Murder Music debuted on Friday the 13th, April 2007, on Sky Channel 368 (aka Rockworld TV). A behind-the-scenes look at the making of the documentary, entitled Murder Music: Backstage, was also shown on the same channel, showing unused footage as well as extended and unseen interviews that missed the final cut.

==Plot summary==
The documentary links the origins of black metal to the birth of heavy metal itself with the formation of Black Sabbath, known for its early horror-inspired lyrics, it is even said that bassist Geezer Butler, who wrote many of the band's lyrics is to be considered the "godfather of black metal". It quickly moves to the existence of a similarly-named band, which was also often confused for Sabbath, called Black Widow.

Black Widow's stage act was highly controversial, as it was based on a black magic act (it is stated that the band received instruction from Alex Sanders) and featured shocking elements for the time, such as ritual nudity and mock weaponry. In separate interviews, Kip Trevor (vocalist) and Clive Jones (flute), both share their experiences as Black Widow. A contrast between both former members is seen, as Trevor rejects the occult as "teenage curiosity" and moves on to music as business, while Jones embraces it, even having grotesque statues in his lawn, naming a large black fish in his pond after Satan, and giving the interview while wearing pagan-inspired regalia.

Moving on to the 1980s, Jeffrey "Mantas" Dunn, guitarist and founding member of Venom, considered to be the band who coined the term "black metal" in their 1982 album of the same name dispels the notion that his former band's lyrics dealt exclusively with Satanism:

If you look back in the day at the early Venom songs, it never was strictly about the devil... I mean, we had songs about sex, we had songs about drugs. We got songs about serial killers - all that kind of stuff. So basically it was all that sort of dark elements of life, if you like.

Also interviewed is influential thrash metal band Sabbat, who instead of talking straight about Satanism, prefer to explore pre-Christian pagan European religions. Precursors to black metal Bathory and Mercyful Fate are given passing mention.

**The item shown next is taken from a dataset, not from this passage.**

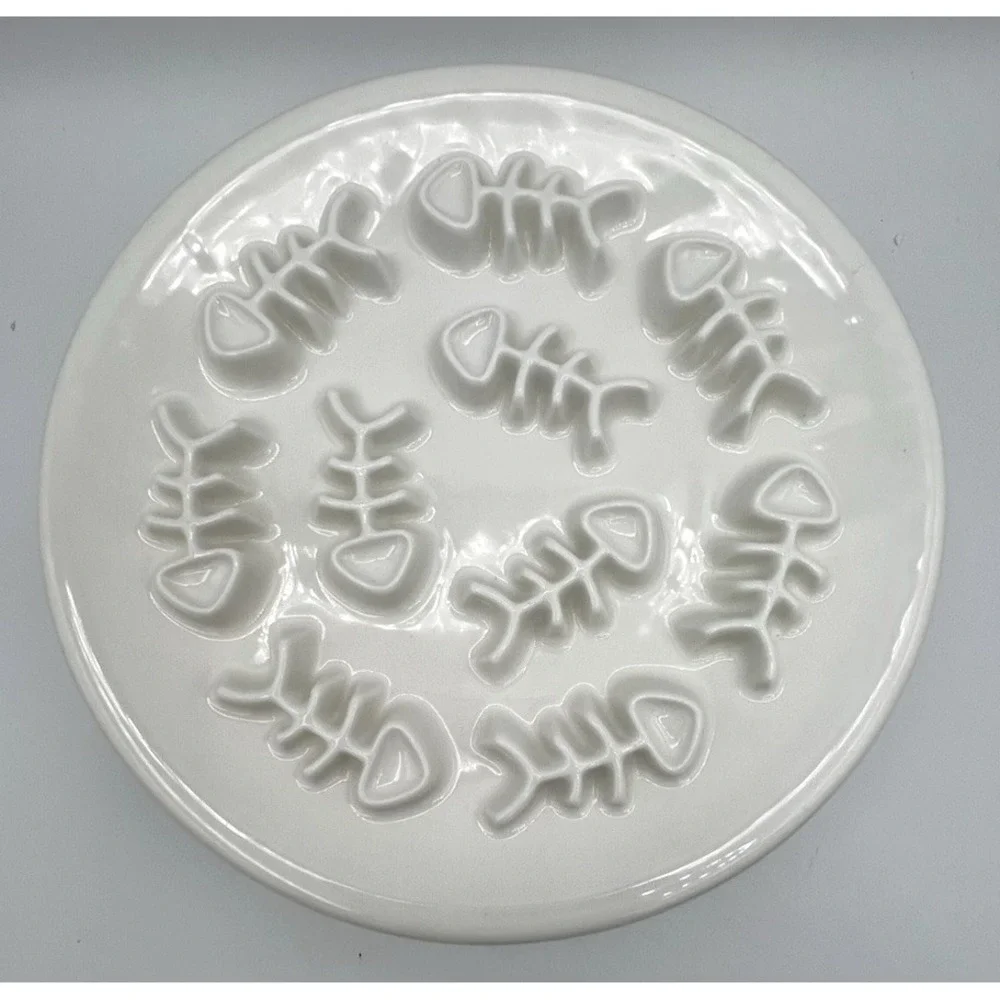 Slow Feeder Puzzle White Ceramic w/ Wood Stand Cat Dog Fish Design 8.25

Host Ackermann notes that music gets progressively more extreme, and then introduces a segment about the Early Norwegian black metal scene, which has given a unique image and reputation to black metal. The spiraling incidents and tensions, such as Mayhem vocalist Dead's suicide, the Church burnings and finally, the murder of Euronymous by Varg Vikernes are mentioned. However, musical experts from the metal scene all agree that the events were highly sensationalized by the media. Tsjuder's drummer Anti-Christian even calls Dead's suicide "a PR stunt".